A superação da rivalidade feminina para impulsionar a diversidade no ambiente de trabalho
Contar com o apoio entre mulheres faz a diferença em ambientes corporativos majoritariamente compostos por lideranças masculinas
Além de todos os reveses culturais que mulheres enfrentam no dia a dia – entre eles, a pressão para ter filhos versus pressão para não engravidar, a busca por ser uma profissional de destaque versus tentativa de estar sempre disponível para a família há, ainda, um assunto relevante pouco discutido. Trata-se da rivalidade feminina, propagada como reflexo de uma sociedade centrada nos homens e, decerto, impulsionada pelas inseguranças e necessidade de aceitação impostas às mulheres durante anos.
Enfrentar o cenário de disputas femininas é promover um ambiente de trabalho com maior inclusão e igualdade, além de potencializar os caminhos para que elas ocupem mais cargos de liderança. As mulheres são as protagonistas para a mudança na tradicional rivalidade feminina, e só cabe a nós encarar a trilha para a superação dessa realidade, por vezes, ignorada ou desconhecida por muitas.

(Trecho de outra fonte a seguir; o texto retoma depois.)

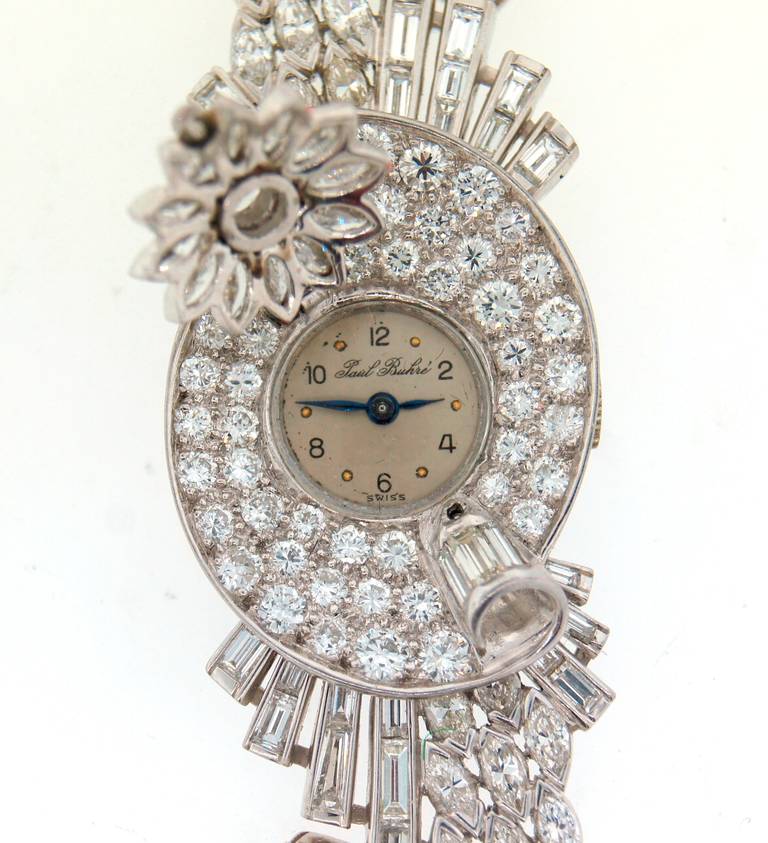 Paul Buhre Lady's Platinum and Diamond Concealed-Dial Bracelet Watch circa 1930s 1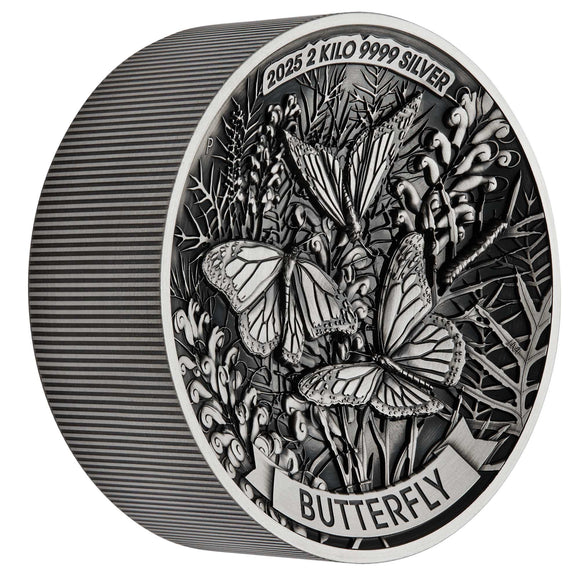 Butterfly 2025 2 Kilo Silver High Relief Antiqued Coin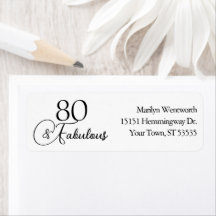 80 und Fabelhaft 80. Geburtstag Schwarze Schrift A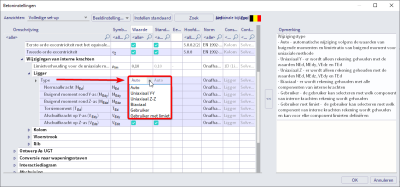 Je kiest voor de Uniaxiale of Biaxiale methode via de betoninstellingen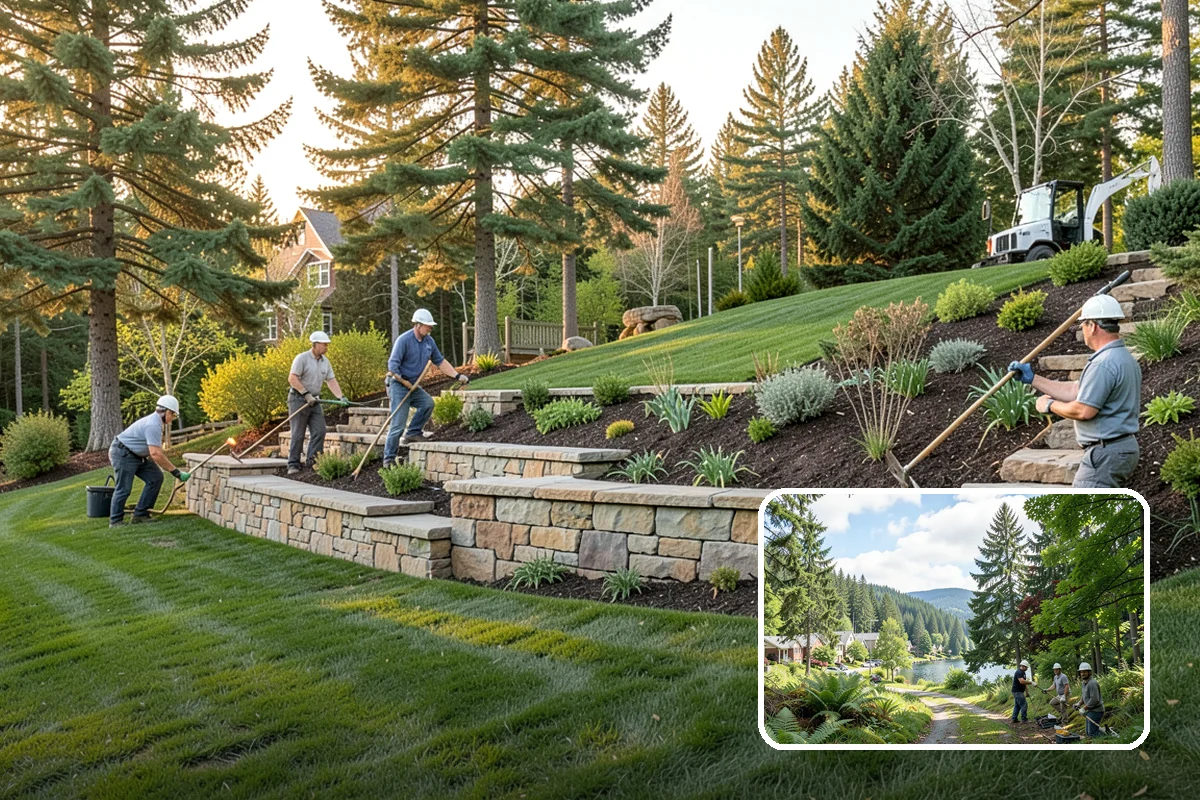 White Decorative Rock Installation in Lake Forest Park, King County, WA - Reflects light to brighten shaded, north-facing beds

Reforço de estereótipos de gênero
Não é incomum ouvirmos que mulheres confiam menos umas nas outras do que em homens. Também é frequente que, especialmente em ambientes corporativos, a mulher tenha como referência de sucesso uma figura masculina. Apesar de não parecer, os dois comportamentos têm relação – e estão atrelados à rivalidade feminina.
A psicóloga Olga Tessari argumenta que o ser humano é naturalmente competitivo e deseja sempre ter e/ou ser o melhor. Todavia, essa competitividade é especialmente incentivada em relação às mulheres, pois a sociedade sempre espera o máximo delas: deve ser uma boa profissional, se comportar conforme os ditames sociais, ser uma boa mãe, companheira, líder e, ainda, precisa ser atenciosa, carinhosa e paciente.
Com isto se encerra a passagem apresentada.